If it’s hazy or ambiguous, just ask for more clarity.
The key is learning how to translate these signals into useful information we can apply practically.
It takes practice to function this way and learn to trust it—however, when we do, it creates dramatic changes in our realities.
Recently, I found myself annoyed with someone in my life. I felt highly charged, though I didn’t express it directly to this person.
I eventually settled myself, asked my first question, and instantly the intensity eased when I realized what I was telling myself about this person wasn’t, in fact, true.
Then I asked what was really going on—what do I know?
Suddenly, I perceived this person’s deeper loneliness and desire for connection.
It shocked me. It never occurred to me on a conscious level, but as soon as I perceived it I felt such a lightness. I softened entirely.
Soon afterwards, I contacted the person and arranged to meet up.
Well, holy moly! Talk about a different dynamic—this person lit up and totally shifted their demeanor toward me.
If I had kept believing the B.S. my mind was telling me, blaming and playing the victim, it would have just perpetuated suffering for both of us.
Taking on an expanded perspective relieved me of all my judgements, gave me new awareness, and helped me feel really good.
#3. If this was a dream, what would I want to happen?
So this question is a little cracker.
Initially, it can be the most challenging of the three.
Prying our attention off the issue and redirecting it toward a preferred outcome is unfamiliar territory for most of us.
There’s often a nagging tug to come back to the initial problem, and keep things “real.”
Persistence is worth it though, as this is such a powerful way to derail ourselves from recreating the same old looping patterns and repetitive experiences.
It opens us up to consider new choices and make room for something entirely different to unfold.
Also, as we think of our preferred scenarios playing out, we start to feel better instantly.
As we relax, things change so much faster.
A great place to start is going back to the initial moment that triggered us and identify what we felt we were being denied in that moment.
What was threatened? Love? Self-worth? Security?
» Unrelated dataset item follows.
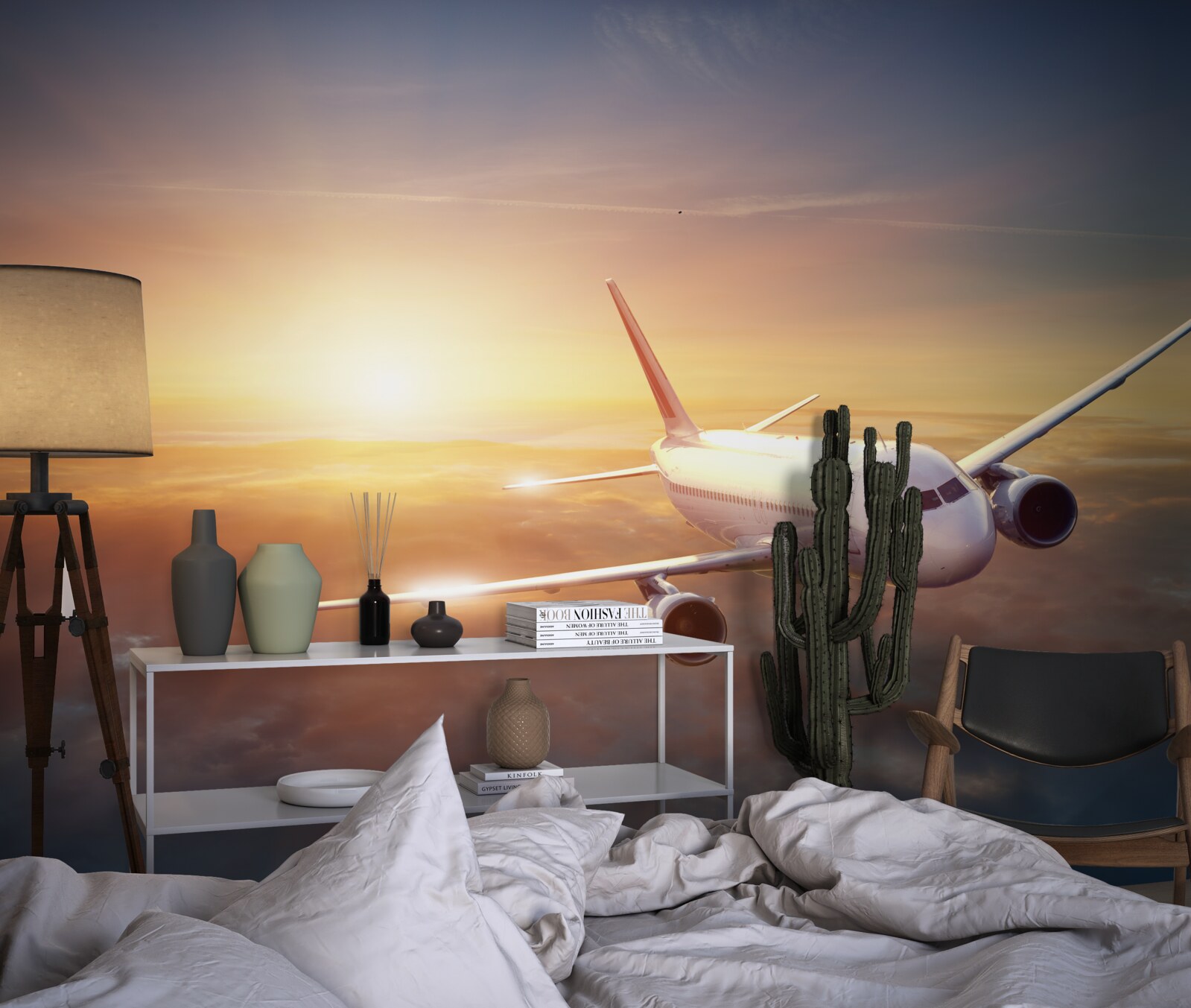 Фотошпалери літак зникає у заході сонця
Our future?
Once we become aware of the underlying threat, reverse it as the foundation for envisioning a new, preferred outcome.
For instance, if we’re triggered because someone owes us money and they’re refusing to pay, our preferred outcome might be to have total financial ease.
As our attention is redirected in this way, we get a stream of new ideas, inspired choices, and things can present themselves in ways beyond what we could have imagined.
So, in summary:
#1 assists us in becoming present as we observe our story and what it is creating.
#2 creates space for us to tap into our intuition as the source of an all-encompassing perspective.
#3 helps us clarify our intentions and redirect or attention toward a preferred outcome.
When all three happening at once—boom—we venture into the realm of mind over matter!
This is the essence of true power and liberation.